The Saga of the Big Tree

Grand Junction Daily Sentinel
Indian Artifact Found
in
Cottonwood Tree
By GARY HARMON
Wednesday, May 16, 2007
When River Wylde carved into the 200-year-old cottonwood for a Mesa State College sculpture class, she struck more than heartwood. Deep inside the tree she found a football-size rock buried in the wood.
"I stopped the carving process when I first ran into the stone," Wylde said. "It had obviously been in the tree for a long time, and I thought I should arrange to keep it."
Once she formed that plan, she started carving again, "and that's when I came into the pine pitch."
Not wanting to damage her tools, she started removing the pitch by hand "and that's when I uncovered the bone and skin material."
The find postponed the carving while Ute tribal leaders were called in.
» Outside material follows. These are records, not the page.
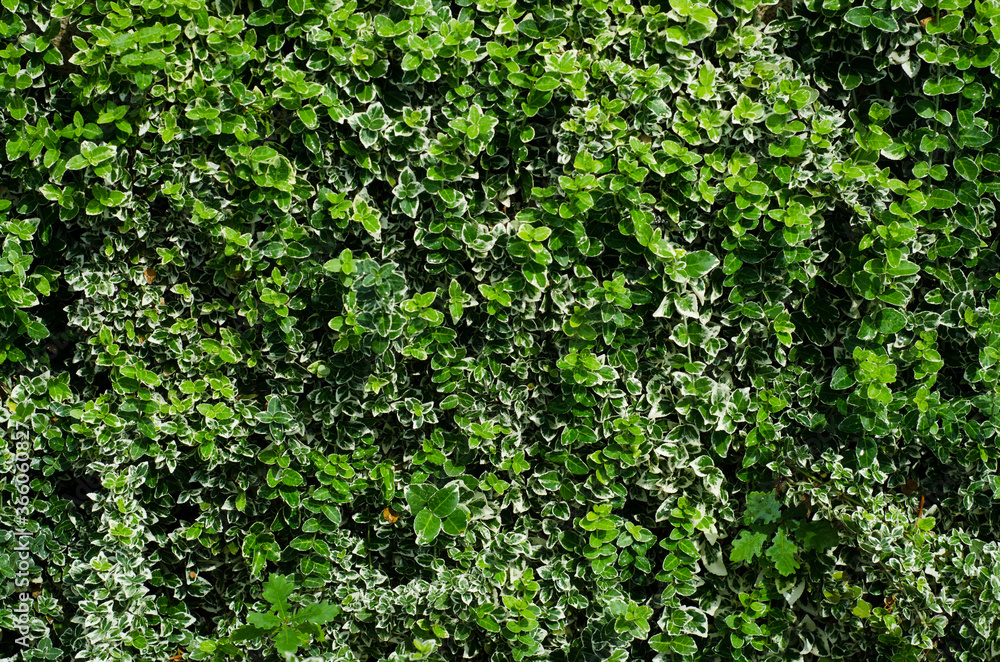 ivy on the wall ivy on the wall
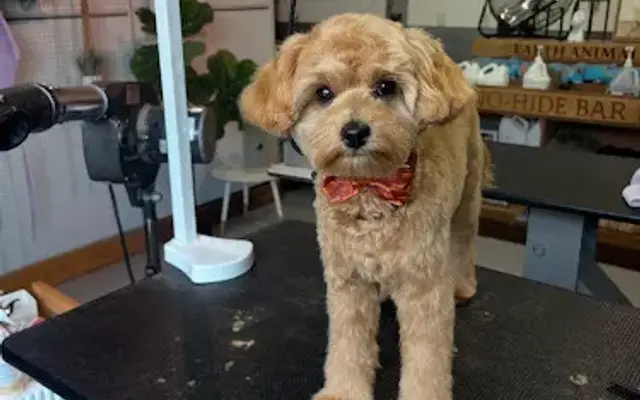 Grooms by Lily in Santa Clara, UT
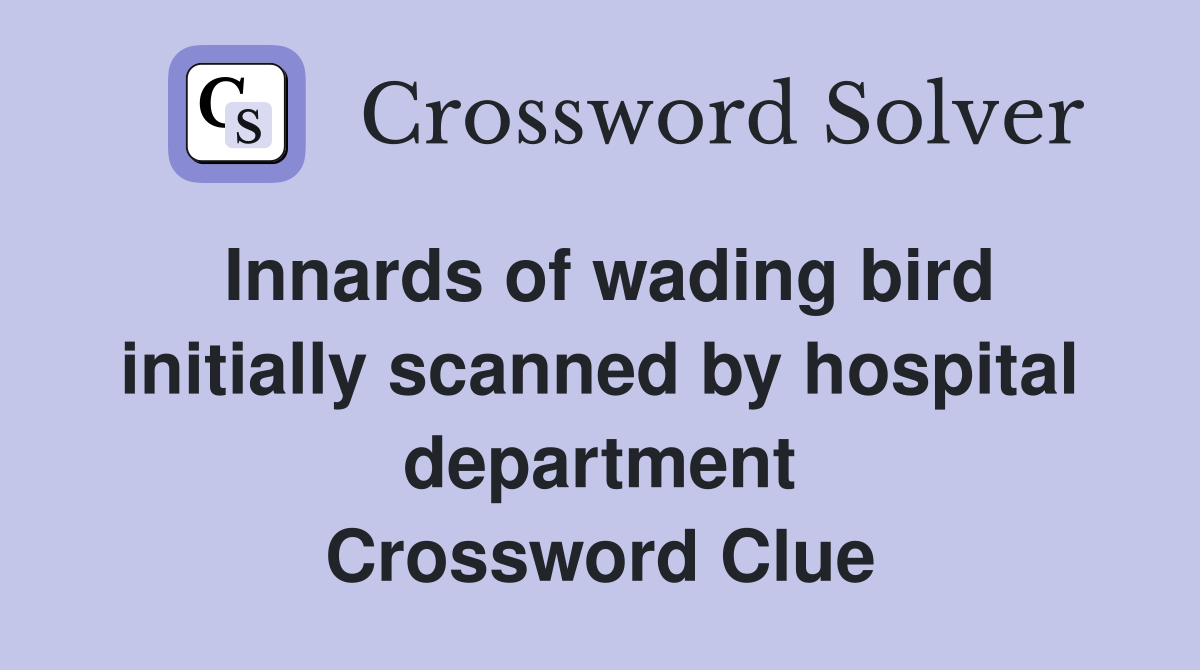 Innards of wading bird initially scanned by hospital department Crossword Clue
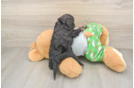 Adorable Cavalier King Charles Spaniel and Poodle Mix Poodle Mix Puppy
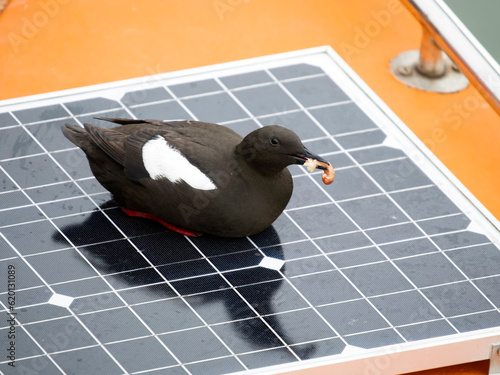 Black guillemot, Cepphus grylle photo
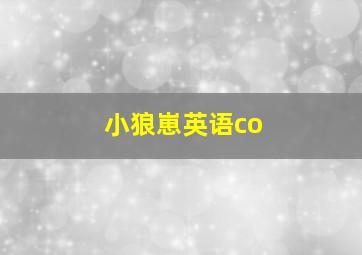 小狼崽英语co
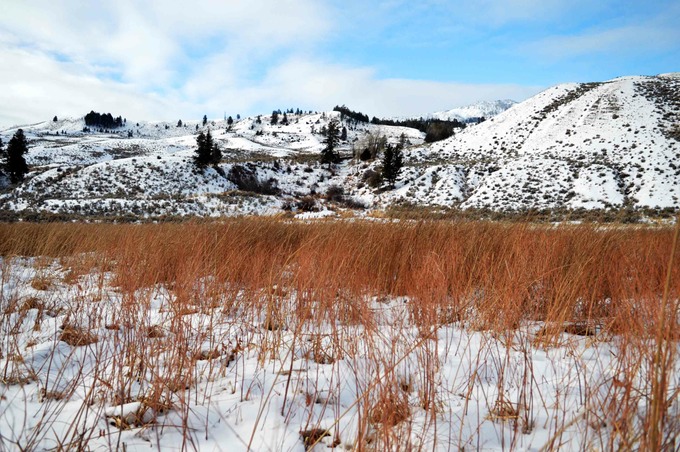 Grass and Mountain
Elder Clifford Duncan of the Northern Utes identified the artifact as something that might have been cached away into a cottonwood, a tree revered by the Utes, for a memorial or religious purpose.
It was placed in a tree near what is now Palisade at the base of Grand Mesa, with a rock atop it as protection from scavenging animals.
The bone found in the tree was a bison tibia that showed toolmarks, suggesting the animal was butchered, said Dr. Rick Dujay, a zoologist and head of the Mesa State College Center for Electron Microscopy.
Its smooth-tissue wrapping appeared to be the bladder or intestine of a mammal, Dujay said.
Her selection of the cottonwood was serendipitous in itself, Wylde said. The hunk of wood was bound for the chipper when she saw something she could free with sculpture, she said. "I knew it immediately," she said.
Duncan performed a cleansing ceremony for the memorial and urged her to continue her planned sculpture, Wylde said. She plans to haul the cottonwood to Oregon, where she hopes to finish it as she continues studying sculpture at Portland State University as a junior.
Once it's done, the cottonwood will be a memorial, Wylde said.
Her plan struck a note with Duncan, she said.
"He gifted the tree back to me," she said, hoping she would complete her "memorial from a memorial tree."